Ob Schattenmieten erlaubt sind, ist umstritten. Der Mieterverein hält sie für nicht zulässig, „weil damit dem Mieter eine nach dem Recht der Allgemeinen Geschäftsbedingungen unzumutbare Vertragsklausel aufgezwungen wird“, sagt BMV-Geschäftsführer Reiner Wild. Außerdem werde mit der Schattenmiete dem Sinn und Zweck des Mietendeckels nicht entsprochen, argumentiert Wild. Der Verband Berlin-Brandenburgischer Wohnungsunternehmen (BBU) hält Schattenmieten dagegen für „rechtlich zulässig“. Geschäftsführer und Vorstände müssten „ordnungsgemäß agieren“ und wirtschaftliche Schäden von ihren Unternehmen abwenden, so BBU-Chefin Maren Kern. In diesem Rahmen würden für den Fall, dass der Mietendeckel gekippt werde, die höheren Mieten vereinbart.

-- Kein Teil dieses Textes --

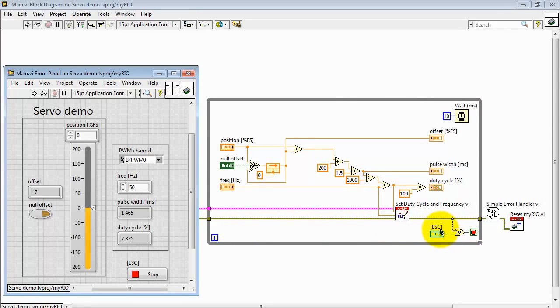Looking at the error cluster, we OR the error cluster together with the stop button on the front side.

Die Deutsche Wohnen, der größte private Vermieter in Berlin, vereinbart beim Abschluss neuer Verträge ebenfalls Schattenmieten. An der Rechtmäßigkeit des Mietendeckels bestünden „bekanntermaßen Zweifel“, argumentiert eine Unternehmenssprecherin auf Anfrage. Das Bundesverfassungsgericht sei aufgerufen, hier eine Entscheidung herbeizuführen. Bis dahin gelte es, „mit dieser anhaltenden Unsicherheit verantwortungsvoll umzugehen“. Hierzu gehöre auch, „Regelungen für den Fall zu finden, dass sich der Mietendeckel als nicht verfassungskonform herausstellen sollte“.

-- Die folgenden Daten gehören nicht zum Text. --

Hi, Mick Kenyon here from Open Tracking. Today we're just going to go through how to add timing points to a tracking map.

Vor diesem Hintergrund vereinbare die Deutsche Wohnen bei Neuvermietungen auch die nach den Vorschriften des BGB zulässige Miete. Die Deutsche Wohnen verlangt von Hartz-IV-Empfängern eine Bescheinigung vom Jobcenter, dass es neben der Mietendeckel-konformen Miete eine höhere Miete übernimmt und gegebenenfalls sogar für nachzuzahlende Differenzen aufkommt. „Bestätigt das Jobcenter in der Bescheinigung die Übernahme des Differenzbetrages nicht, können wir leider keinen Mietvertrag mit Ihnen abschließen“, heißt es in einem Schreiben der Deutsche Wohnen an einen Interessenten, das der Berliner Zeitung vorliegt. „Diese Übernahmebestätigung ist gerade deshalb so wichtig für unsere Mietinteressentinnen und Mietinteressenten, da diese nicht eigenständig in der Lage sind, finanzielle Rücklagen zu bilden, um eventuell entstehende Nachzahlungen zu bedienen“, argumentiert die Deutsche Wohnen. „In keinem Fall ist bei der Deutsche Wohnen bisher eine Vermietung infolge dieses Vorgehens gescheitert.“

Die Senatsverwaltung für Integration, Arbeit und Soziales, die für die Kosten der Unterkunft zuständig ist, zeigt sich unterdessen hart. Das Jobcenter übernehme nur die Unterkunftskosten, die der Mieter dem Vermieter schulde „und die auch angemessen“ seien.  Das Jobcenter übernehme keine nach dem Mietendeckel unzulässige Mieterhöhung. Wenn nach dem 23. November 2020 eine überhöhte Miete abgesenkt wird, was dann möglich ist, übernehme das Jobcenter nur die abgesenkte Miete.